# The task
The reply should hold every line of the data below, unchanged, and none of the pictures.

# Given material

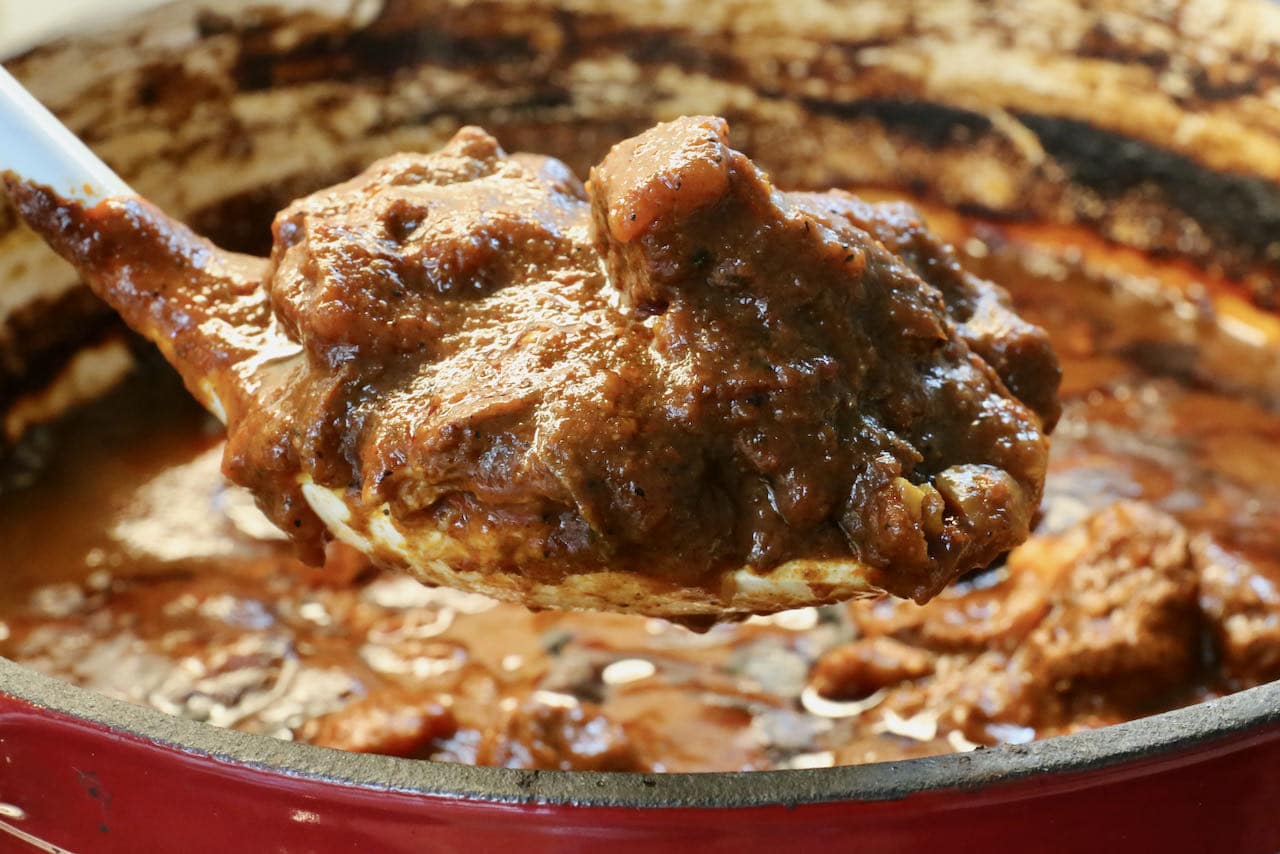 Cook Asado de Boda in a Dutch Oven until the pork is tender. 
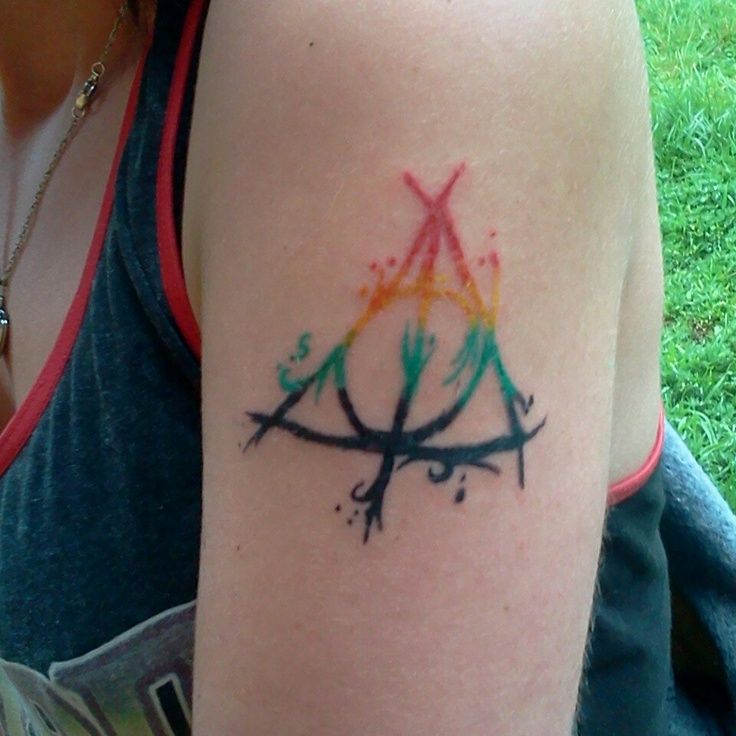 Nice Colored Deathly Hallows Tattoo On Left Shoulder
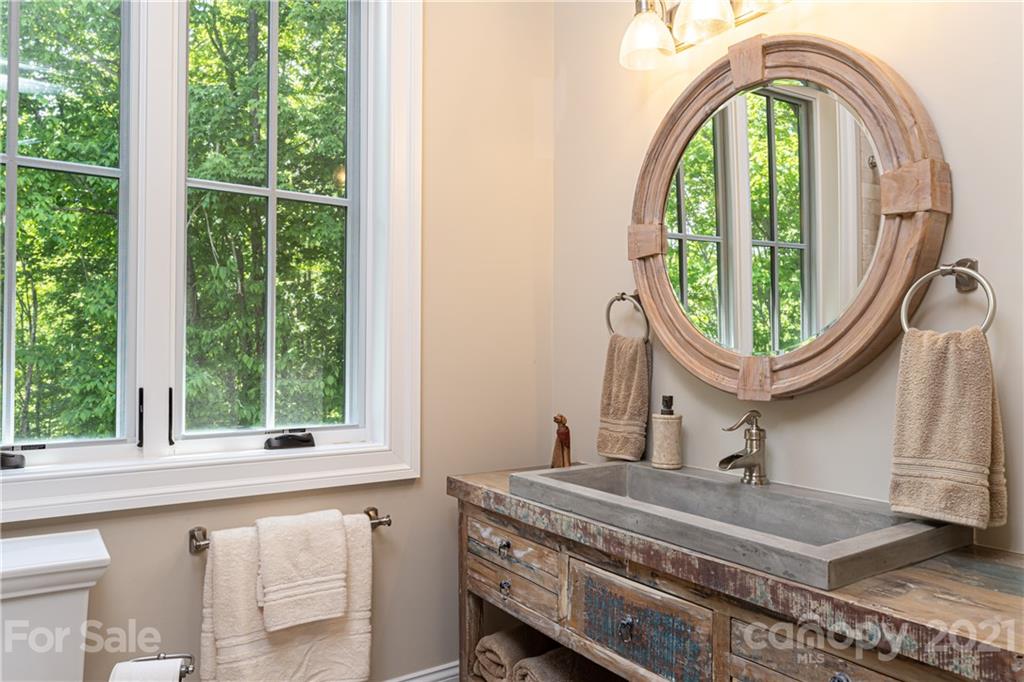 301 Flying Dutchman Road Sylva, NC 28779 - Photo 43 of 48 a bathroom with a sink a mirror and a window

# Answer below
 Cook Asado de Boda in a Dutch Oven until the pork is tender. 
 Nice Colored Deathly Hallows Tattoo On Left Shoulder
 301 Flying Dutchman Road Sylva, NC 28779 - Photo 43 of 48 a bathroom with a sink a mirror and a window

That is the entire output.